As a managed service, AWS DMS is a server (EC2) in the AWS Cloud that runs replication software, to move data from one database to another running in AWS. Schema transformation can be performed using Schema Conversion Tool (SCT). SCT can run on-premises.

Sources can be on-premises DBs, and the targets can still be on-premises DBs but most of time are AWS data store such as RDS, Redshift, DynamoDB, S3, Elasticache, Kinesis data streams, DocumentDB...

We can use continuous replication with DMS:

First 1/ use the AWS Schema Conversion Tool to convert the source schema and code to match that of the target database, 2/ use the AWS Database Migration Service to migrate data from the source database to the target database, 3/ we can use AWS DMS data validation to ensure that the data has migrated accurately from the source to the target. DMS compares the source and target records and then reports any mismatches.

Example of configuration, with EC2 instance type, engine version, allocated storage space for the replication instance, network connectivity...

Once server is defined, we need to define data provider to specify source and target endpoints and create a migration project to do schema conversion (from Oracle or SQL server to MySQL or PostgreSQL as target).

It is possible to leverage AWS Database Migration Service (AWS DMS) as a bridge between Amazon S3 and Amazon Kinesis Data Streams as an easier way to do so: See Streaming Data from S3 to Kinesis using DMS.

  • AWS DMS allows one-shot data migration and applies change data capture (CDC) files to these services.
  • DMS FAQ

Replication to Aurora

For MySQL engine we have different options:

  • Use RDS DB snapshot from RDS and restore it in Aurora
  • Create an Autora read replica from the RDS MySQL source, when replication lag is 0, we can then promote Aurora as Write and Read.
  • For external MySQL, use XtraBackup to create a file backup, upload it to S3 and import the file into Aurora from S3. Or use mysqldump utility to move to Aurora MySQL DB.
  • Use DMS if both DBs run in parallel

AWS Backup

Fully-managed service that makes it easy to centralize and automate data protection across AWS services, in the cloud, and on premises. It supports cross-region backups and in multiple AWS accounts across AWS Organizations.

Src: EC2, EBS, EFS, Amazon FSx for windows, Lustre, and Storage Gateway, RDS, DynamoDB..
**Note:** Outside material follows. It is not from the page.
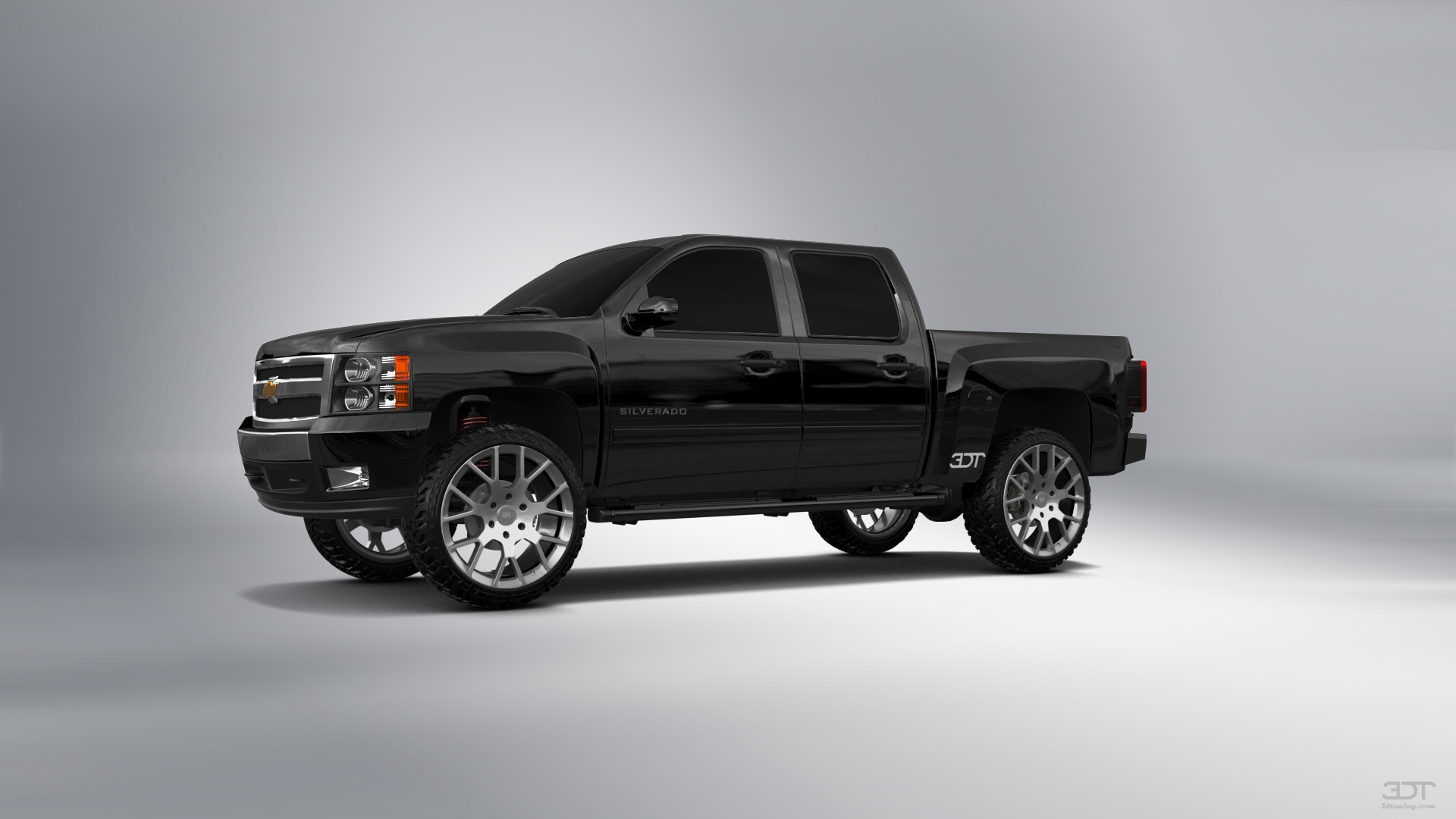 dickinass69 | Car Garage on 3DTuning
Target is S3 bucket or Vault Lock.

A backup plan is a policy expression that defines when and how we want to back up the AWS resources. It uses incremental backup. Backup plans are composed of one or more backup rules. The number of days to store data is called the backup lifecycle.
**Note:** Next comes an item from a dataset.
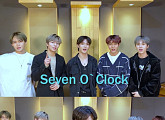 세븐어클락, '월드 클래스' DJ 알레소 '미드나잇' 캠페인 영상 공개 "So cool"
Retention period for snapshots can be infinite, while the retention period for continuous backups can range from 1 day to 35 days.

Backup Vault lock is used for Write Once Read Many state. It is to defend on malicious delete as backup cannot be deleted.

We can create automated backup schedules and retention policies, lifecycle policies to expire unncecessary backups after a period of time.

We can use AWS Backup Audit Manager to audit the compliance of our AWS Backup policies against controls that we define. A control is a procedure designed to audit the compliance of a backup requirement.

AWS Backup helps to support the regulatory compliance or business policies for data protection.

Combined with AWS Organizations, we can configure AWS Backup to monitor activities in all of the accounts in one place. We can define Organizations backup policies to create the backup plans across multiple accounts. It is not possible to delete or edit these backup plans individually within the account. With this solution, we will enforce the company's backup policy reliably and consistently.

Application Discovery Service

Managed service to help plan the migration to the AWS cloud by collecting usage and configuration data about the on-premises servers. It is integrated with AWS Migration Hub, which simplifies the migration tracking as it aggregates the migration status information into a single console.

It offers two ways of performing discovery:

  • Agentless: work on VM inventory, configuration, and performance history
  • Agent-based: by deploying AD Agent on each of the VMs and physical servers, it collects static configuration data, detailed time-series system-performance information, inbound and outbound network connections, and processes that are running.